O Mito Subvertido - Por Levi Bucalem Ferrrari

O português aporta em terras exuberantes onde finca uma cruz sob os extasiados olhares dos nativos nus e formosos, os quais seriam logo escravizados em nome da mesma cruz. O espanhol finca outra cruz no coração de incautos incas, astecas, maias. O protestante anglo-saxão vai matando ou expulsando para o Pacífico homens de pele avermelhada que não sabiam que só o trabalho salva ao mesmo tempo que acumula riquezas.
E não há mais dúvidas: o cristianismo, na versão católica ou protestante, é o mito fundador da civilização ocidental, de sua expansão e hegemonia. Lembram dos cruzados matando em nome desse Deus? Da Santa Inquisição…
Também porque o mito é forte, o mais bem bolado de todos. Um Deus que nasce pobre, filho de trabalhador, e morre torturado e humilhado pelo império global da época, o romano. Logo a vingança, a consolidação do mito: O Deus pobre ressuscitará e, prometendo a salvação das almas, constrói sua Igreja, o Poder que não se contesta, posto que transcendente à vida e aos negócios dos homens. A igreja, que tomará por baixo o Império Romano, e reinará soberana sobre a Europa por mais de mil anos. Sob outras roupagens, o cristianismo será a justificativa dos novos Impérios ocidentais. Vamos bombardear o Iraque em nome da civilização cristã e do petróleo.
Mas o mito tem uma falha fundamental. Se o Cristo, pelo menos do ponto de vista social, teria que ser a representação do mais humilhado dos seres humanos não bastaria ser pobre e filho de um povo submetido ao Império Romano. Teria que ser mais que isso, o ser que nem ser era: a mulher, essa coisa feita apenas para gerar e amamentar filhos homens e para submeter-se a quaisquer vontades de seu amo e senhor, por acaso marido. Os antigos judeus, ao rezarem, agradeciam a Deus “o pão nosso de cada dia e o fato de não terem nascido mulher”.

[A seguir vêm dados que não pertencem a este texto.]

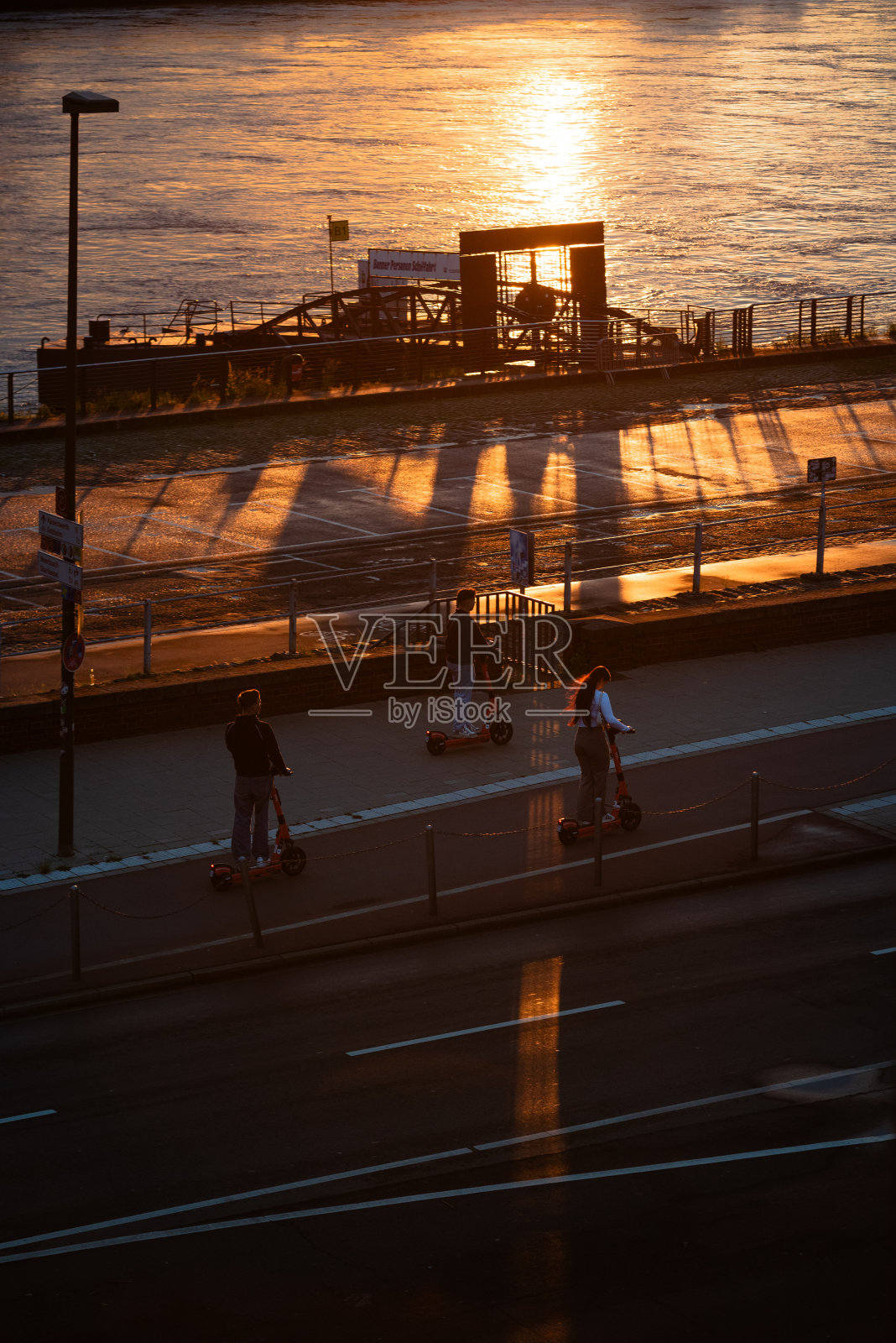 日落摄影在德国的<s:1>塞尔多夫照片摄影图片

A submissão da mulher, alguém já o disse, de tão histórica se pretende natural. Então Marx que me desculpe, mas a última revolução não será a dos operários, será a da mulher, o ser mais explorado e humilhado na quase totalidade das culturas, aquela que, agora sim, ao se libertar, libertará o mundo.
Ao desnudar a origem do mito fundador de nossa civilização, Silvio Piresh, em O Cristo Rosa – biografia não autorizada da menina Jesus, traz à tona a falha fundamental. E, em busca de maior coerência, imagina um Cristo mulher ressurecto dois mil anos depois. É ele, ou melhor, ela mesma, quem nos revela o último dos sacros segredos: teve que se travestir em homem, na primeira versão, caso contrário ninguém lhe daria ouvidos.
A menina Jesus sofrerá humilhações semelhantes às que sofre enquanto falso menino, agora por parte da própria Igreja que se fez sobre seu nome. Se indignará contra as injustiças que, assim justificadas se perpetuam. E o resto se sabe ou se imagina.
O fato é que Sílvio Piresh, querendo ou não, antecipa a tão aguardada, tão necessária revolução da mulher.